Os conteúdos do ateliê de música e teatro visam “contribuir para o desenvolvimento da criança com
necessidades especiais, através do processo de musicalização; oferecer atividades que desenvolvam
a percepção auditiva e rítmica; despertar o interesse pela exploração sonora; propiciar condição
para improvisação e criação musical; relacionar som, voz, corpo e movimento nas atividades
musicais; promover através de atividades cooperativas, a integração da criança em grupo”, (Ibid, p.
23). Para além da expressão musical e teatral, este ateliê tem-se evidenciado como um ambiente em
que representações sociais se fazem presentes. Muito mais que dramatização, esse cenário traz a
tona, por meio da fala dos alunos que dele participam, discussões e reflexões sobre os mais
variados temas, onde a mediação, os diálogos e o desenvolvimento se concretizam. Essa afirmativa
pode ser constatada no fragmento abaixo retirado de uma das aulas, evidenciando que os alunos
não são sujeitos passivos, meros expectadores executando o solicitado.

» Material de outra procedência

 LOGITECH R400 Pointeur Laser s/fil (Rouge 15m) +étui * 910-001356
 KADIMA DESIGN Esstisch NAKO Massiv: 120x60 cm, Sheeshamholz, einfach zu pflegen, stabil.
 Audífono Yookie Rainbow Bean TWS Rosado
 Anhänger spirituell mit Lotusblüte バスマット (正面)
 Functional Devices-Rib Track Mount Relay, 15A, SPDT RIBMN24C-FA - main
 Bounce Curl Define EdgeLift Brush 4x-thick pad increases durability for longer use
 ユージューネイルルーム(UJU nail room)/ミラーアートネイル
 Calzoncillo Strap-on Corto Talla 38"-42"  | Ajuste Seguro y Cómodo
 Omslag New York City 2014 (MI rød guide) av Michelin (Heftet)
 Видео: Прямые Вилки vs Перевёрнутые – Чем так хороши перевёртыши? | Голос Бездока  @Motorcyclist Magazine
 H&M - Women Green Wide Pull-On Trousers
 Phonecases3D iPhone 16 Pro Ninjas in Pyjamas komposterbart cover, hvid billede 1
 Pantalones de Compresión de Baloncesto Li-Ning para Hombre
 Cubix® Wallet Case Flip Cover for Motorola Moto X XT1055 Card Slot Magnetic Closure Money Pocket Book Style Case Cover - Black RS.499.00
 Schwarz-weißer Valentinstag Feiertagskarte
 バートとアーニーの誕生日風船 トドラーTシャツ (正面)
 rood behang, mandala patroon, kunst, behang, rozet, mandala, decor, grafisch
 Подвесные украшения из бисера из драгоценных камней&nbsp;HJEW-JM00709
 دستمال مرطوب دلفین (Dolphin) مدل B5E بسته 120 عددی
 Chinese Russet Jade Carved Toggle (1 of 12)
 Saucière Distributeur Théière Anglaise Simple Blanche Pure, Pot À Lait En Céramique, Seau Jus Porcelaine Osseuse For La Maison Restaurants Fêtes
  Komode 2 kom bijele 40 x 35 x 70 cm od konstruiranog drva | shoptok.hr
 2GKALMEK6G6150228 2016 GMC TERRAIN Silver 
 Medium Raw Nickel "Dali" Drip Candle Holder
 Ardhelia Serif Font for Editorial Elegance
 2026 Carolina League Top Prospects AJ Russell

“por que eu não posso beijar ele de verdade” (fala de um aluno durante uma encenação)
“por que isso é uma péça de teatro! É faz de conta!” (fala da acadêmica que atua no ateliê)
“no teatro de verdade os atores beijam mesmo sendo faz de conta! [...]”(fala de um aluno
durante uma encenação)
O ateliê Atividade Motora tem por objetivo a educação, a reeducação motora e psicomotora,
expressão corporal e coordenação motora geral e especial, os quais são contemplados em
atividades, que variam ano a ano, tais como: jogos recreativos e atividades rítmicas, natação, dentre
outros. Nesse ateliê, um dos resultados a ser destacado refere-se ao resgate, por parte dos alunos,
do seu potencial. A timidez, o medo da derrota, da cobrança, foram aos poucos amenizados.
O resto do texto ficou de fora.